**Given records**
· · ·

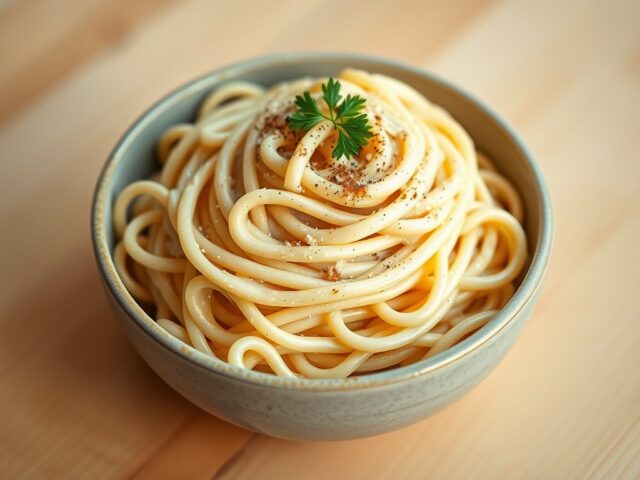 Volkoren Pasta met aangepaste Alfredo Saus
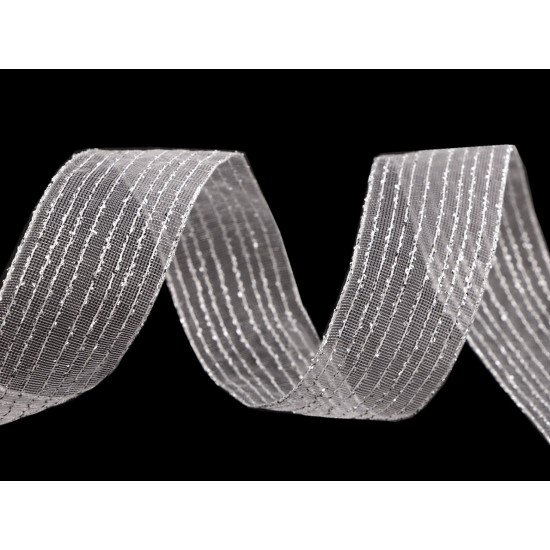 Panglica cu lurex latime 25 mm - Argintiu (10 Metri) Panglica cu lurex latime 25 mm - Argintiu (10 Metri)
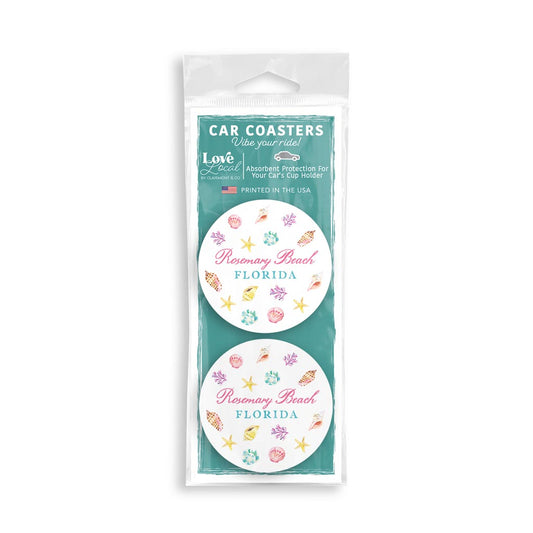 Love+Local Car Coaster Pack | Shells & Shoreline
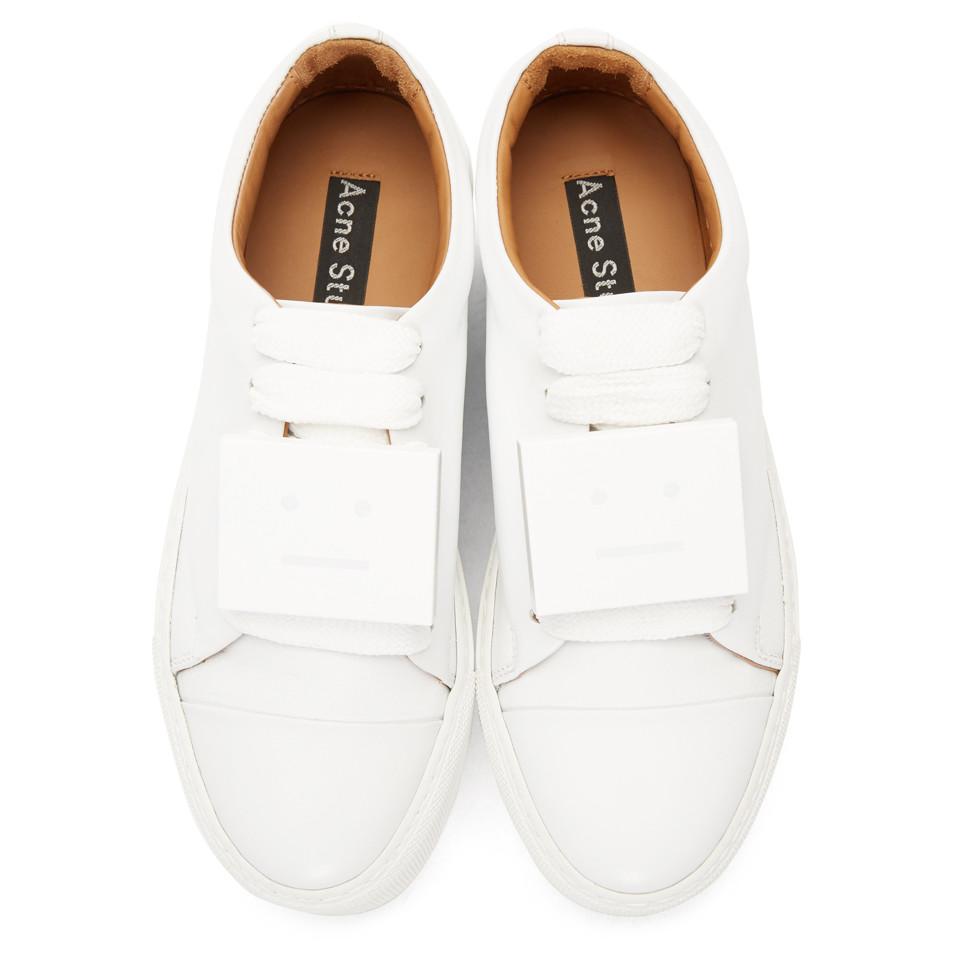 Acne studios drihanna hotsell platform leather sneakers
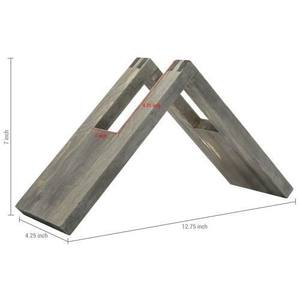 Porte-serviettes rond en bois de qualité supérieure, élégant organisateur de table pour la maison, les dîners, les restaurants, les mariages et la décoration de fête - Product Image 2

· · ·

**Goal of the exercise**
In your copy, repeat the records above exactly and include no images.

**Result**
 Volkoren Pasta met aangepaste Alfredo Saus
 Panglica cu lurex latime 25 mm - Argintiu (10 Metri) Panglica cu lurex latime 25 mm - Argintiu (10 Metri)
 Love+Local Car Coaster Pack | Shells & Shoreline
 Acne studios drihanna hotsell platform leather sneakers
 Porte-serviettes rond en bois de qualité supérieure, élégant organisateur de table pour la maison, les dîners, les restaurants, les mariages et la décoration de fête - Product Image 2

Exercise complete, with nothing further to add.